◆ **Your assignment**
Please restate every entry exactly. Leave out the pictures.

-*-

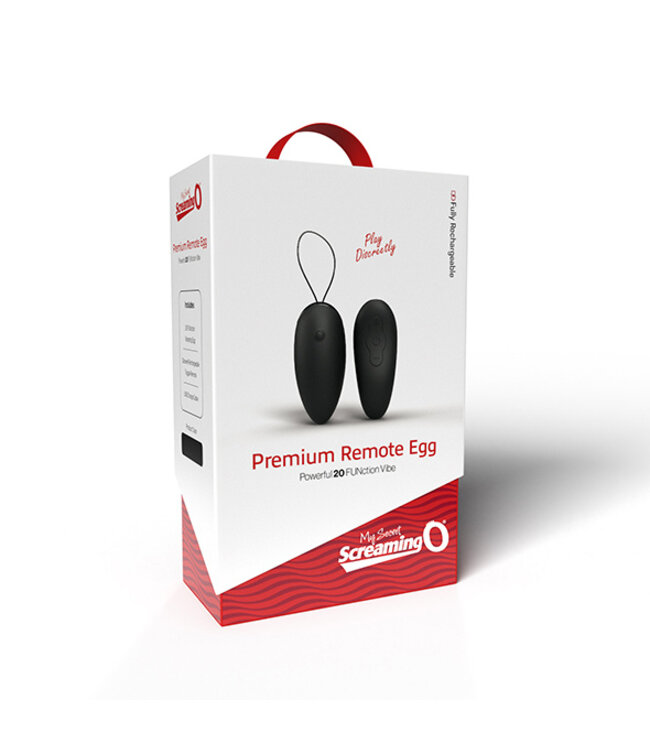 The Screaming O - Premium Remote Egg Zwart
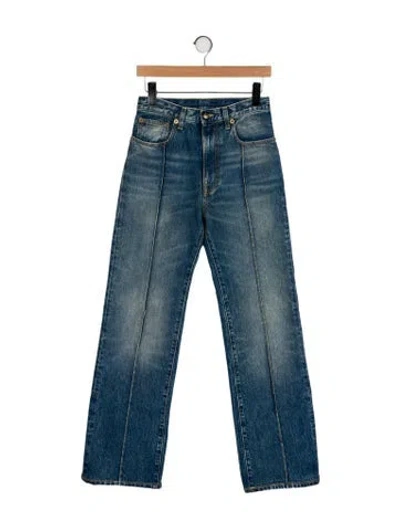 Pre-owned R13 High-rise Wide Leg Jeans In Blue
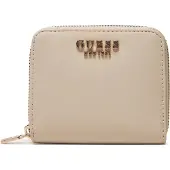GUESS Portemonnee Laurel SLG Small Zip Around Wallet Bone Crème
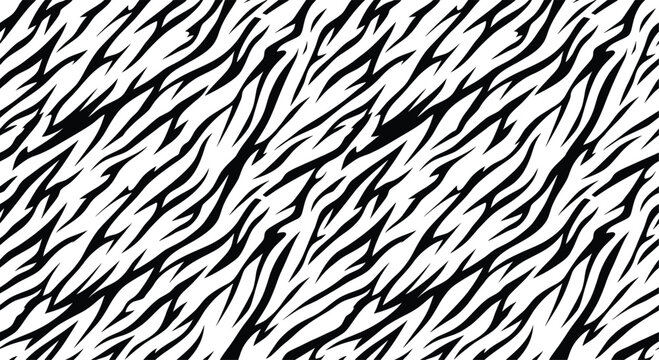 Black and white zebra stripes pattern texture for fashion and textile design backgrounds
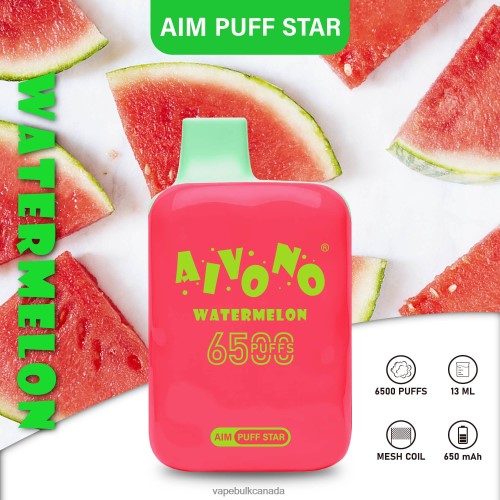 E Cigarette Wholesale - Aivono AIM PUFF STAR 6500 Watermelon 2J4F60291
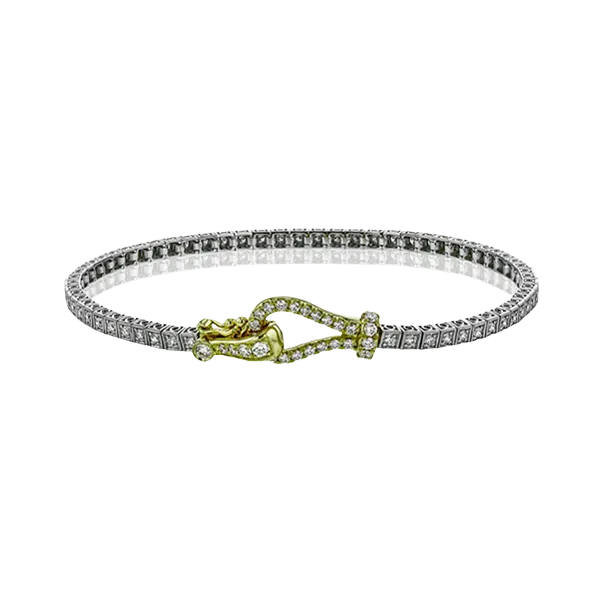 18k Two-tone Gold Diamond Bracelet Diamond Showcase Longview, WA
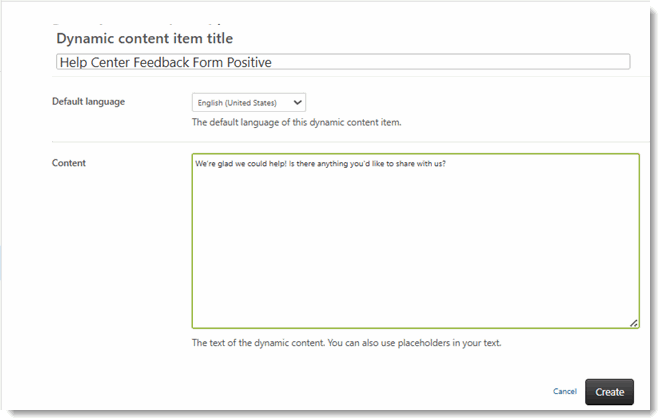 364 Analytics Create Dynamic Content Item in Admin Center.gif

-*-

◆ **Written answer**
 The Screaming O - Premium Remote Egg Zwart
 Pre-owned R13 High-rise Wide Leg Jeans In Blue
GUESS Portemonnee Laurel SLG Small Zip Around Wallet Bone Crème
 Black and white zebra stripes pattern texture for fashion and textile design backgrounds
 E Cigarette Wholesale - Aivono AIM PUFF STAR 6500 Watermelon 2J4F60291
 18k Two-tone Gold Diamond Bracelet Diamond Showcase Longview, WA
 364 Analytics Create Dynamic Content Item in Admin Center.gif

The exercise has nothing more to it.